To talk about Alan Wigmore is to talk about the National Drag Racing Club.

In the late 1960s, a year or two after the formation of the British Drag Racing and Hot Rod Association, the original club at Santa Pod, a group of racers and marshals began to worry about the direction which the club seemed to be taking at the time. The sort of thing desired was not radical – better marshalling facilities, more transparency about club finances, a shorter period of office for officials and better PR for the sport. They formed a club within the BDR&HRA called the Drag Control & Timing Association. Following a series of meetings of the fifty-strong group at unusual locations such as the Jones Paper Mill in St Neots the group had made a tentative approach to the RAC to ask to gain racing recognition. While this was being granted, the group tried to air their grievances at the 1969 BDR & HRA Annual General Meeting but failed to elicit change and on 24 October 1969 the NDRC was formed with Alan Wigmore as Chairman. It became an independent organisation after the hundred members braved heavy snows and a flu epidemic to attend a meeting at the Matrix works in Coventry.

The first big challenge to the NDRC came when the RAC as governing body of British motorsport announced they were no longer allowing the word National in club titles. This came just as the NDRC had taken delivery of its letterhead and signage at a cost of £200. Although the Club appealed and won a dispensation to call itself National it had to commit itself to be a truly national club and run meetings at as many venues around the country as possible. After a couple of meetings at Santa Pod in 1970 an inaugural meeting at Blackbushe was run with help from the Santa Pod crew. The first truly independent meeting was at Martlesham Heath in Suffolk where on a summer’s day virtually every mobile Suffolk Police Unit was called out to police the 8,000 strong crowd along the country lanes.

In the early 1970s venues included Fulbeck near Newark in Nottingham; Dunkefwell in Devon; North Luffenham near Leicester and Elvington in the North Riding as it was called then. The Club co-promoted events at RAF Wroughton near Swindon and successful on-tour meets to venues like Silverstone, Snetterton, and, of course Blackbushe.

As well as leading the NDRC, Alan was the voice of drag racing at NDRC events in the 1970s and 1980s and, at the start of his career, a driver.
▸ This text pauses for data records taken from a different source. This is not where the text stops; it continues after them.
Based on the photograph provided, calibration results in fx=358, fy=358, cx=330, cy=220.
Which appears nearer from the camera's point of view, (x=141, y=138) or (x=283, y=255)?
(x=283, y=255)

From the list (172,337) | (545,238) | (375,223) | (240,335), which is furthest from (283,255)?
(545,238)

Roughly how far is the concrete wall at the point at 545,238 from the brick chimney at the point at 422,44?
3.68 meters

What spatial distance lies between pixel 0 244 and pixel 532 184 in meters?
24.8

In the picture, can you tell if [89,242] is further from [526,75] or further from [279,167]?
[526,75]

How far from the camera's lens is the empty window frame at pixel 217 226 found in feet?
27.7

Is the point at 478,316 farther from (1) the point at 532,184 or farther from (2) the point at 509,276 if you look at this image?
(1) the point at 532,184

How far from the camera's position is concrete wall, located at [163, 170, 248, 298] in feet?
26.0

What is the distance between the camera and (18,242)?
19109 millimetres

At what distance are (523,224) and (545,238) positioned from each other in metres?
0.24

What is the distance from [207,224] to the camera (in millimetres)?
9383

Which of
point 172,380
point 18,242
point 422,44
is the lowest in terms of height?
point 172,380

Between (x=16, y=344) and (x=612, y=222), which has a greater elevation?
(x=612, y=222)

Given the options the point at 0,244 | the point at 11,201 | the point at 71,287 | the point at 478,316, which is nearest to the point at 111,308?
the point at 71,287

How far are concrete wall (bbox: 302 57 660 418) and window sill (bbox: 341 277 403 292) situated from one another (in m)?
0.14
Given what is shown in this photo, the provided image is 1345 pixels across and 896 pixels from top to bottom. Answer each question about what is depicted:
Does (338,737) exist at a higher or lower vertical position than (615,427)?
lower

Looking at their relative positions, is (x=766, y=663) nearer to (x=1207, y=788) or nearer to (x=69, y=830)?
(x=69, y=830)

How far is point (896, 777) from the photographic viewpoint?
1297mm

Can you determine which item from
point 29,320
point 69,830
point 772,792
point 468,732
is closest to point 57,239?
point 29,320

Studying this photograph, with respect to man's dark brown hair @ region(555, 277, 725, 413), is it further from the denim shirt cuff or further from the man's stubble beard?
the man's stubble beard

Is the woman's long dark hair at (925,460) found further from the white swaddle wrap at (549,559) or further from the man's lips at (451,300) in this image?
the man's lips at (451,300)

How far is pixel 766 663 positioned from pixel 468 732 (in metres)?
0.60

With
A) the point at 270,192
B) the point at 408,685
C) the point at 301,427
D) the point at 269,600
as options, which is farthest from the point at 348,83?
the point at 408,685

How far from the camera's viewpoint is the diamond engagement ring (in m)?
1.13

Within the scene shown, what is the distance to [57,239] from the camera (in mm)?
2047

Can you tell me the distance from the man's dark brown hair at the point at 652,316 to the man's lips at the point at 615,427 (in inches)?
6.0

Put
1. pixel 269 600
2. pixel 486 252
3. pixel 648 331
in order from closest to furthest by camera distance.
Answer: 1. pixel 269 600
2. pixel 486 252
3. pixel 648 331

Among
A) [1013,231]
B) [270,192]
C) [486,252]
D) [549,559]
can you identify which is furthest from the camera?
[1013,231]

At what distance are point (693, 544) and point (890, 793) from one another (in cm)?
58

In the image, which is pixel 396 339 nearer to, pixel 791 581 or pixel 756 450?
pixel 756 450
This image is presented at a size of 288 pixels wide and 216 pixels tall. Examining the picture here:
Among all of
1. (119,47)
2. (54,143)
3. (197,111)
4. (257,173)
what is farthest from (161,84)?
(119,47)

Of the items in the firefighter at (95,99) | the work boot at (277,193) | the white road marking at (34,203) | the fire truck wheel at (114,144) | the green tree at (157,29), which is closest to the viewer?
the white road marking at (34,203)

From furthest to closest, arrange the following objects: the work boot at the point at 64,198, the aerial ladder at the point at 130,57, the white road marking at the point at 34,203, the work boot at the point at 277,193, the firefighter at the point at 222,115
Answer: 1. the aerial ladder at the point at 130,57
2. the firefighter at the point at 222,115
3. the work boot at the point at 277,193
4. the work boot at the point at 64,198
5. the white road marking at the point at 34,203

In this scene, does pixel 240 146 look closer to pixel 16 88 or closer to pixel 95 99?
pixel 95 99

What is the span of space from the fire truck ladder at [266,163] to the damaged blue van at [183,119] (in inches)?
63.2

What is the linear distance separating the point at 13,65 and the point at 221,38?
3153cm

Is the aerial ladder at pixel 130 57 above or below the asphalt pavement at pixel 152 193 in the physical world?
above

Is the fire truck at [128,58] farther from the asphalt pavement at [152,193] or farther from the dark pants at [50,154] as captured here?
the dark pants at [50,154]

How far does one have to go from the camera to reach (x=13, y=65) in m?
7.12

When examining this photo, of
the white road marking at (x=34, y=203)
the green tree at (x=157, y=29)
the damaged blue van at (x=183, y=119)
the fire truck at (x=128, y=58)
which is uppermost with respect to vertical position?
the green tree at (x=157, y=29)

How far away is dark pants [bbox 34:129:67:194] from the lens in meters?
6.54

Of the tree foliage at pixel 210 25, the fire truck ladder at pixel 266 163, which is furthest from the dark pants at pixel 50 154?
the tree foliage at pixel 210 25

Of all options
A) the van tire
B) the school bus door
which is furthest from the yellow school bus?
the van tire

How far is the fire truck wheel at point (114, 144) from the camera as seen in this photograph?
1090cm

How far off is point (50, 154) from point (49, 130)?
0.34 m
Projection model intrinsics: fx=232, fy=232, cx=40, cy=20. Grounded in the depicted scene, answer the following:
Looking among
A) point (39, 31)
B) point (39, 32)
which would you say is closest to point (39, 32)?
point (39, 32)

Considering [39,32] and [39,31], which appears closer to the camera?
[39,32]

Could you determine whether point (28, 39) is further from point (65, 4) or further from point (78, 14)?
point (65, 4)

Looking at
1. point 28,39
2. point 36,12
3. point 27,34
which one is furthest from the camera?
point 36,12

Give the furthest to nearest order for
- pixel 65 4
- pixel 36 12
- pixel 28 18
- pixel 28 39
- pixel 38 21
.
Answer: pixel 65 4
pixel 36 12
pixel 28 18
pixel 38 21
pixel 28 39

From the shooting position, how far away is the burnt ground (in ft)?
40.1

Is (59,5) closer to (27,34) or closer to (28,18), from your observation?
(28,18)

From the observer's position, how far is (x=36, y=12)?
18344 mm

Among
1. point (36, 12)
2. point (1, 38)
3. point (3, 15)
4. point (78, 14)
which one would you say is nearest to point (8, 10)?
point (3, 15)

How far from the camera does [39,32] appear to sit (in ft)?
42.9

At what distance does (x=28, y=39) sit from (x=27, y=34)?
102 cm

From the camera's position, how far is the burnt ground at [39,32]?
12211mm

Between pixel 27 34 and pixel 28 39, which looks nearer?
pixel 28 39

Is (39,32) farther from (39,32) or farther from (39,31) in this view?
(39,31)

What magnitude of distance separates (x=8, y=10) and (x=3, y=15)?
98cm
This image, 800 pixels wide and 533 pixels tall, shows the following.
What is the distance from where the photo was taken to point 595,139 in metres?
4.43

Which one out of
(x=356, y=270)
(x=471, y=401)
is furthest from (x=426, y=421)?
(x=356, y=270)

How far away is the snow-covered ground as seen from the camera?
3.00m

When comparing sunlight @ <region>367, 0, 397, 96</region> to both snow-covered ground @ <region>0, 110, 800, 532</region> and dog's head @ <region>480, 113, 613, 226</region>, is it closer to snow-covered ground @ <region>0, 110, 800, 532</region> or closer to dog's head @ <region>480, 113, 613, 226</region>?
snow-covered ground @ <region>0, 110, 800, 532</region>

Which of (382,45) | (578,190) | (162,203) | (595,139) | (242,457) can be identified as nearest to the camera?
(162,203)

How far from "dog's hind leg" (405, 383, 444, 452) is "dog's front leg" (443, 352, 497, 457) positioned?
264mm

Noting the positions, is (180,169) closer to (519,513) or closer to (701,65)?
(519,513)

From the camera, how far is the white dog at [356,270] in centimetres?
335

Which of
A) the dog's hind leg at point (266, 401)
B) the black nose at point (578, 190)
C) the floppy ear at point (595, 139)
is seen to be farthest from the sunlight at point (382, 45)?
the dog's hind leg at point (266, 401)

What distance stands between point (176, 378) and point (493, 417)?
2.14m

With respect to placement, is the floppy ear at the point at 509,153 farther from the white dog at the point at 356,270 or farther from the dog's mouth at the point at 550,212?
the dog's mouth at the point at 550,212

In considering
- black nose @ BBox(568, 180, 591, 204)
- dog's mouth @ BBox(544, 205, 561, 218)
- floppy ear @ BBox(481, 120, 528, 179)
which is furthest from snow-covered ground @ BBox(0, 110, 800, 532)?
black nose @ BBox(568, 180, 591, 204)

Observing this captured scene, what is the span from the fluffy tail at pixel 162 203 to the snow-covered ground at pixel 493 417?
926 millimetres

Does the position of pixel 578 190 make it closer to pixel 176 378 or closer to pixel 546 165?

His career as a racer was quite short but colourful. He drove the Itzaviva altered which was based on a Vauxhall Viva powered by a 288 cubic inch Chevy engine and ran in the elevens at 120 mph. This car was unfortunately written off in a racing accident at the 1971 August Bank Holiday International meeting, rolling five times at 120 mph, shearing off a wheel, shifting the motor in its mounts, and after getting out merely bruised Alan confined his energies to NDRC organisation. The Viva was painted by Alan’s father who ran Pop’s Paints in Stanmore, N. London. In an early instance of a passenger ride Alan once took Geof Hauser for a ride in this car at RAF North Luffenham.

In the late 1970s Alan spearheaded the NDRC’s hunt for a permanent track for its racing activities. Many of the on-tour venues were unsuitable for regular drag racing events, with other uses potentially clashing with racing; a new venue at Radlett near Watford ran into planning difficulties. At this stage Long Marston came into play having been used for eighth-mile races by the NDRC Midlands division since 1975. Alan entered into negotiations with the owners and by late 1979 an agreement was reached to refurbish the track and open it for quarter-mile action, which happened in May 1980 after months of hard work.

He died in November 1998 five months short of his sixtieth birthday having devoted his life to the sport he loved.